Het Tibetaans is een tak van de Sino-Tibetaanse taalfamilie, waartoe ook het Chinees behoort. De verschillende dialecten van het Tibetaans hebben een gemeenschappelijk schriftsysteem, maar de uitspraak van de klanken is in de dialecten heel verschillend.

Aanvankelijk kende het Tibetaans geen schriftsysteem. Het was de taal van een bergvolk dat geen schrift had en een redelijk beperkte woordenschat. Na de komst van het Boeddhisme vanuit India (in de 4e eeuw) kwam er een grote hoeveelheid aan nieuwe woorden en begrippen bij. Men had niet altijd Tibetaanse woorden voor al die verschillende termen in het Boeddhisme en zo werden er nieuwe woorden gemaakt en er werden ook woorden ontleend aan het Sanskriet.

Op een gegeven moment voelde men de behoefte aan een eigen schrift omdat men de Indiase boeddhistische geschriften in het Tibetaans wilde vertalen. In de 7e eeuw werd er een minister van Tibet (Thonmi Sambhota) naar India gestuurd om daar de kunst van het schrijven te leren. Toen hij terugkwam introduceerde hij het Tibetaanse schrift. Daarna zijn heel veel Boeddhistische teksten in het Tibetaans vertaald onder leiding van geleerden uit zowel India als Tibet.

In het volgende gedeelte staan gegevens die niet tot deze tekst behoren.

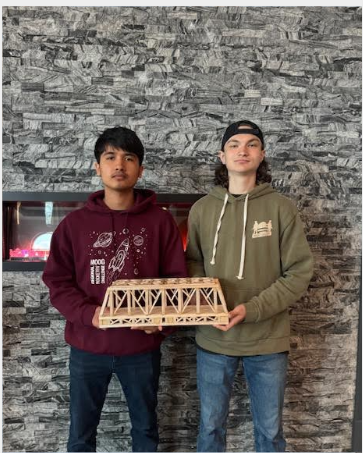CheektowagaCSD's tweet photo. Engineering Design students competed in the ABCD WNY Balsa Wood Bridge Competition against 150+ bridges from 9 WNY schools. One team earned a top-10 finish, placing 8th with near perfect scores in complexity and workmanship while holding 175 pounds. Great job, everyone! https://t.co/ZSwezX70lT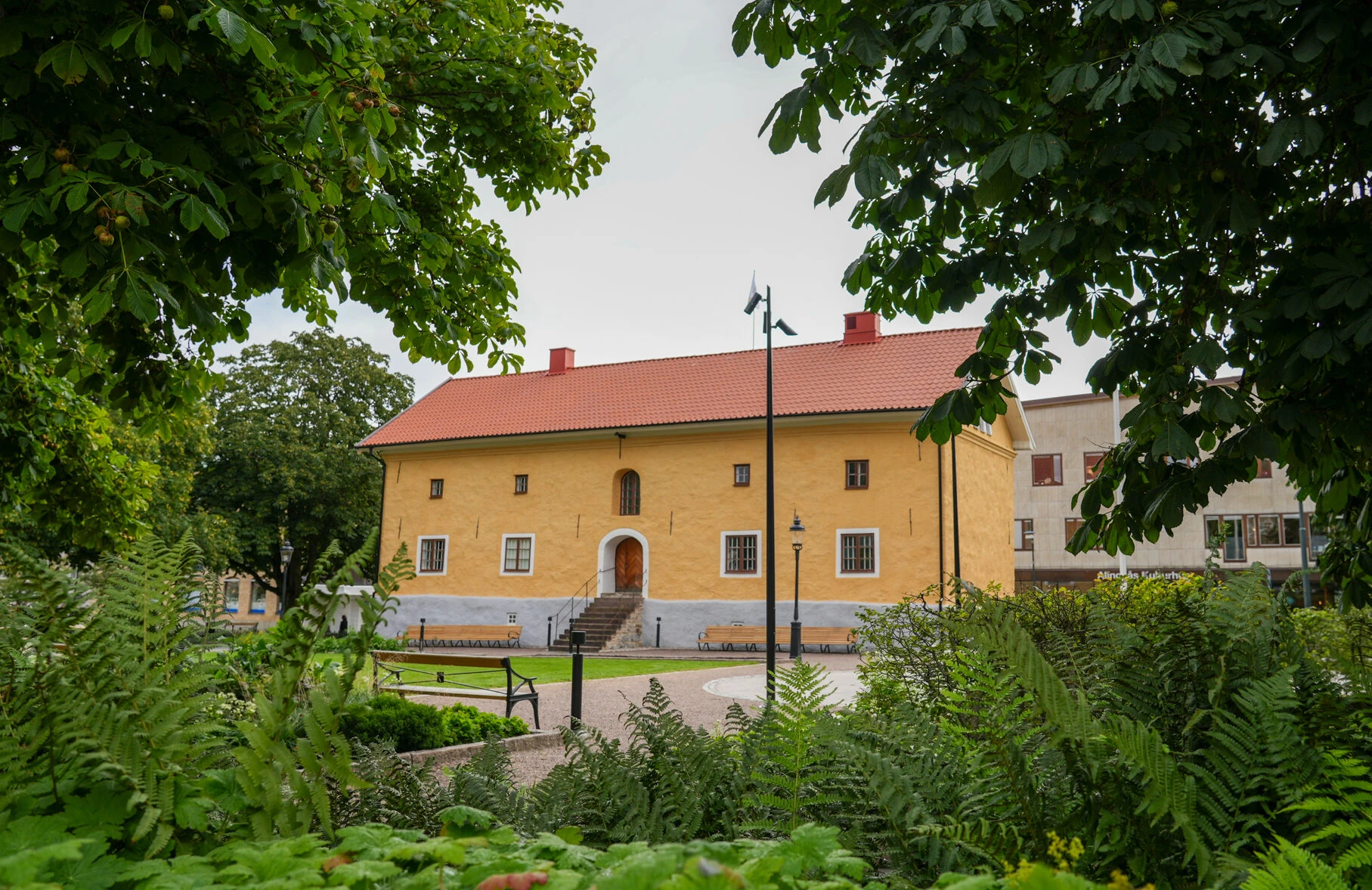 Gul museibyggnad omringad av gröna träd och växter.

De vorm van de lettertekens is afgeleid van het Indiase schrift, waarschijnlijk van het devanāgarī-schrift. Het schrift is slechts enkele keren aangepast, het laatst in de 9e eeuw; daarna is het onveranderd gebleven. De verschillende dialecten, die samen de spreektaal vormen, zijn wel sterk veranderd in de loop der eeuwen, en daarom verschilt de gesproken taal sterk van de geschreven taal. In sommige dialecten is ook de toon van invloed geworden op de uitspraak.


Veel Tibetaanse literatuur is op de een of andere wijze verbonden met het Boeddhisme. Maar dat betekent niet dat er geen prachtige literatuur geschreven is in het Tibetaans. Met name de liederen van Shabkar kan ik iedereen van harte aanbevelen. En ook de Jacques Brel-achtige verzen van de 6e Dalai Lama zijn – ondanks hun eenvoud – van een grote schoonheid, al betwijfelen sommige onderzoekers of alle aan hem toegeschreven verzen wel werkelijk van hem zijn.